“Il patto nelle campagne: la mafia albanese detta le regole e sfida lo Stato”. E’ quanto scrive il giornalista antimafia Giuseppe Bascietto che, sui social, riporta le proprie valutazioni rispetto a quanto accaduto nelle ultime ore a Vittoria.
“Dal summit segreto alla liberazione del ragazzo rapito – spiega Bascietto – ecco la nuova geografia del potere criminale. Qualche settimana fa, lontano dai riflettori, due contrade isolate di Vittoria — Zafaglione e Berdia — hanno ospitato un incontro destinato a cambiare gli equilibri criminali della città. In quei casolari di campagna si sono riuniti i vertici dei clan albanesi e i rappresentanti delle principali famiglie mafiose locali – afferma il giornalista – I nomi emersi sono pesanti: Pandeli Prifti, Luzim Ndreu, Kujtim Rapushi e Gianfranco Stracquadaini, oggi latitante, per il fronte albanese. Dall’altra parte, quasi tutte le famiglie di Vittoria, tranne i Ventura, esclusi e quindi messi ai margini. A sorpresa c’era anche Roberto Di Martino, lo stesso che Stracquadaini aveva tentato di uccidere il 25 aprile 2024. Ma quando si tratta di affari, persino la vita può passare in secondo piano”.

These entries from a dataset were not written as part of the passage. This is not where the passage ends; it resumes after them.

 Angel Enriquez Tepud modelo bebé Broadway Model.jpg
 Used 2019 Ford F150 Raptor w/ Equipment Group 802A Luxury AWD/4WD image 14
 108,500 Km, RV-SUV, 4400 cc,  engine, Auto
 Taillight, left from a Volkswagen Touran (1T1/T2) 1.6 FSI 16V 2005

“L’accordo raggiunto – chiarisce ancora Bascietto – è netto: gli albanesi impongono Stracquadaini come nuovo reggente, nuovo dominus del traffico di droga in città e in provincia. A lui e agli albanesi il controllo militare del territorio. Ai Greco, invece, il compito di mantenere i rapporti con le famiglie mafiose fuori provincia — da Catania a Gela, da Agrigento a Palermo. Così la catena del potere si consolida: da un lato il braccio armato, rappresentato dai clan albanesi e da Stracquadaini; dall’altro il fronte economico, in cui i Greco, i Consalvo (Giacomo e Michael), Pino Gueli e altri criminali trasformatasi in imprenditori curano e ampliano i loro affari. La maggior parte ha accettato, per paura o per convenienza. Sul fronte del traffico e dello spaccio di droga a ribellarsi sono stati soprattutto i gruppi nordafricani, decisi a non cedere il monopolio sul traffico di marijuana. Da lì gli episodi archiviati frettolosamente come “risse tra extracomunitari”, che in realtà nascondono raid punitivi e i primi segnali di una guerra sotterranea”.

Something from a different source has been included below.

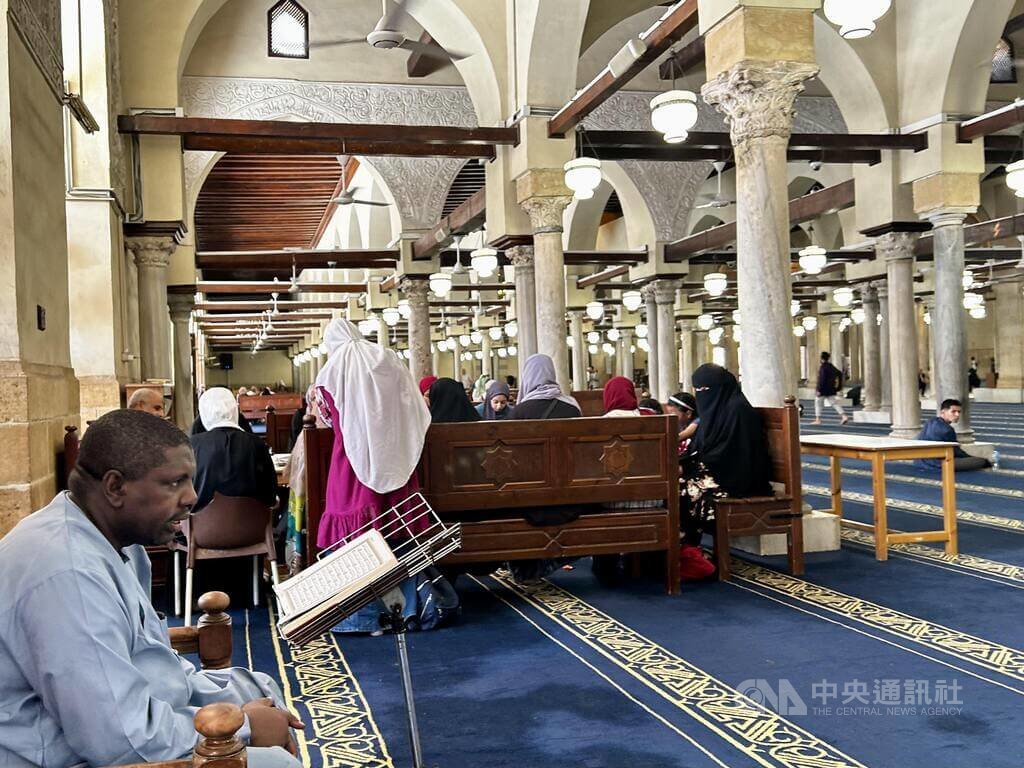 伊斯蘭學者定居台灣20年 見證多元信仰友善理解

“Da quella riunione la mappa del potere è mutata. La mafia albanese, forte di una logistica superiore, della rapidità di esecuzione e dell’appoggio silenzioso di alcune famiglie locali, si è presa tutto – chiarisce ancora Bascietto – Hanno cominciato con il controllo delle serre e oggi puntano a qualcosa di più ambizioso: la creazione di un consorzio con sede lungo lo stradale di Arcerito. Ci sono già capannoni e terreni, presto arriveranno uomini, imprese e mezzi. Sono i primi effetti concreti del patto criminale. Il segnale più clamoroso arriva giovedì sera: un giovane viene rapito sotto gli occhi di decine di persone e rilasciato meno di 24 ore dopo, illeso. Un’azione fulminea, teatrale, con un obiettivo chiaro: seminare paura e mandare un messaggio cristallino. Qui comandiamo noi”. Questa l’analisi del giornalista antimafia rispetto a quanto accaduto negli ultimi giorni.